WHAT YOU SHOULD DO: Locate, in the data below, the line that contains "10 Metal Buttons" and the line that contains "Comecar De Novo"; reproduce exactly those two lines and every line between them, nothing more.

THE RECORDS:

****************

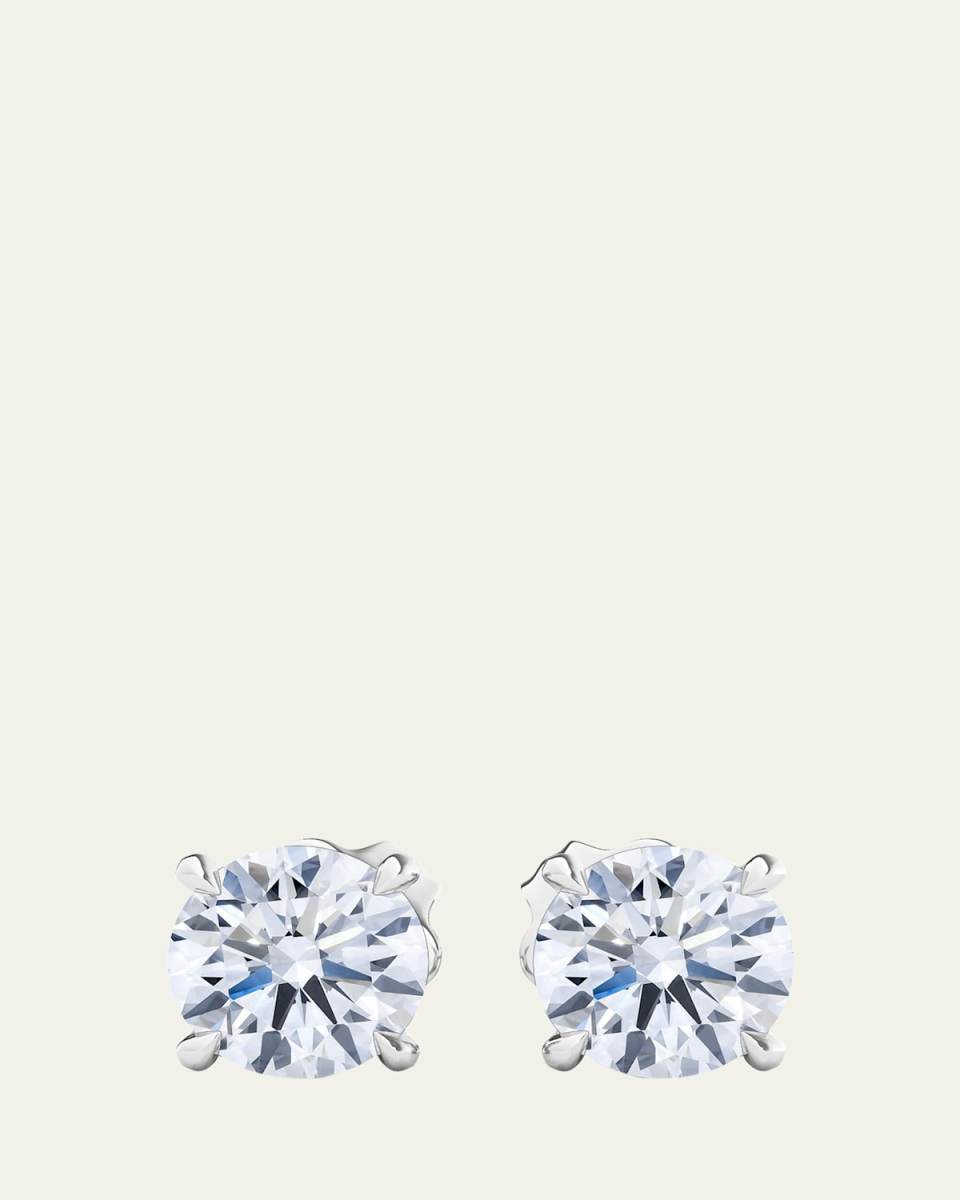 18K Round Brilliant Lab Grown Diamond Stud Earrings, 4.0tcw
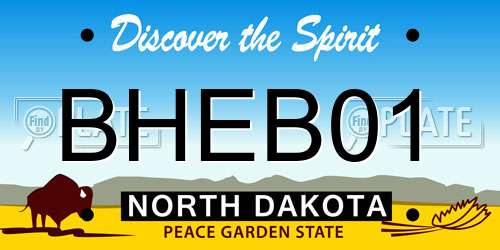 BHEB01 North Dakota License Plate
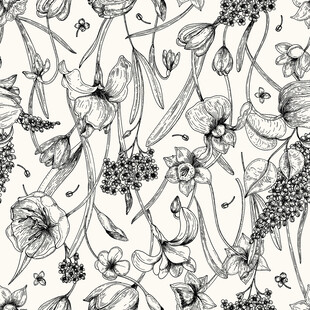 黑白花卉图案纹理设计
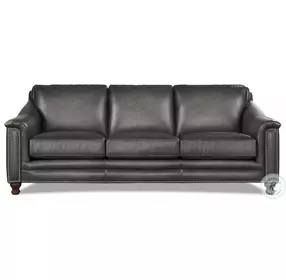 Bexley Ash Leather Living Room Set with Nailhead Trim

****************

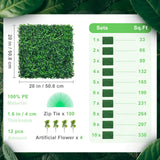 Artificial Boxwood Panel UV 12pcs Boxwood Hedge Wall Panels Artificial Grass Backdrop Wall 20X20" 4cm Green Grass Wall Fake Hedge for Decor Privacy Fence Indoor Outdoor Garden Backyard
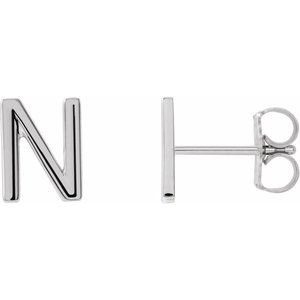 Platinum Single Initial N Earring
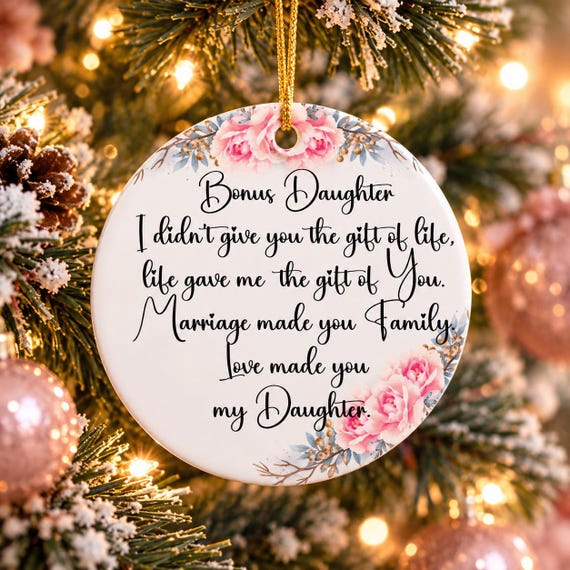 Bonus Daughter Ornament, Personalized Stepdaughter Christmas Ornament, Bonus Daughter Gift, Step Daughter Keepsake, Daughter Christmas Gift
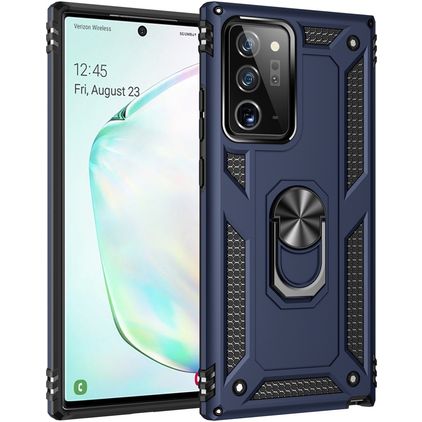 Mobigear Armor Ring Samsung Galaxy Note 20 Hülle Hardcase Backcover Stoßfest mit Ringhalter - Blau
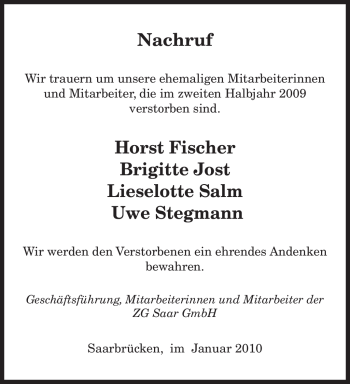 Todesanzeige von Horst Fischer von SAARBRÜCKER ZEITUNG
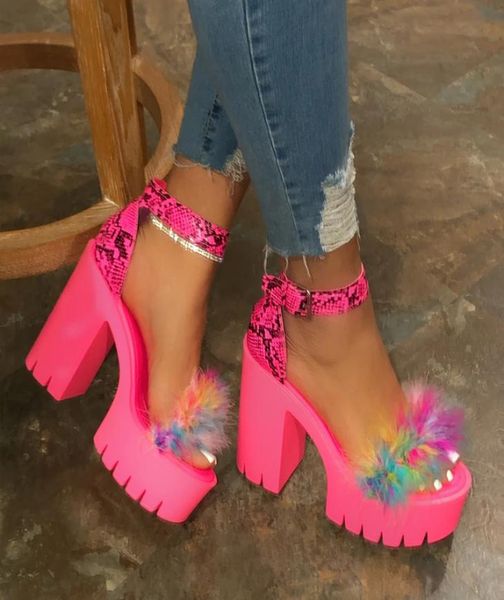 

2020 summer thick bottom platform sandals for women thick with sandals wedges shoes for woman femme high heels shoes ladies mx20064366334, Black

****************

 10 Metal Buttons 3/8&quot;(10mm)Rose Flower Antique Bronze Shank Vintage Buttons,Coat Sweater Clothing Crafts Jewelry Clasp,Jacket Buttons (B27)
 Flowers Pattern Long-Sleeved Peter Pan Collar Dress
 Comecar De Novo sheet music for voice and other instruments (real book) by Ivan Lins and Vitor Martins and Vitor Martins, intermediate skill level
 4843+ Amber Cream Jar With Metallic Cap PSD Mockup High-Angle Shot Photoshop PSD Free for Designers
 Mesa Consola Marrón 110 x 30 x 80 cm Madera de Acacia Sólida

****************

EXERCISE RESPONSE:
 10 Metal Buttons 3/8&quot;(10mm)Rose Flower Antique Bronze Shank Vintage Buttons,Coat Sweater Clothing Crafts Jewelry Clasp,Jacket Buttons (B27)
 Flowers Pattern Long-Sleeved Peter Pan Collar Dress
 Comecar De Novo sheet music for voice and other instruments (real book) by Ivan Lins and Vitor Martins and Vitor Martins, intermediate skill level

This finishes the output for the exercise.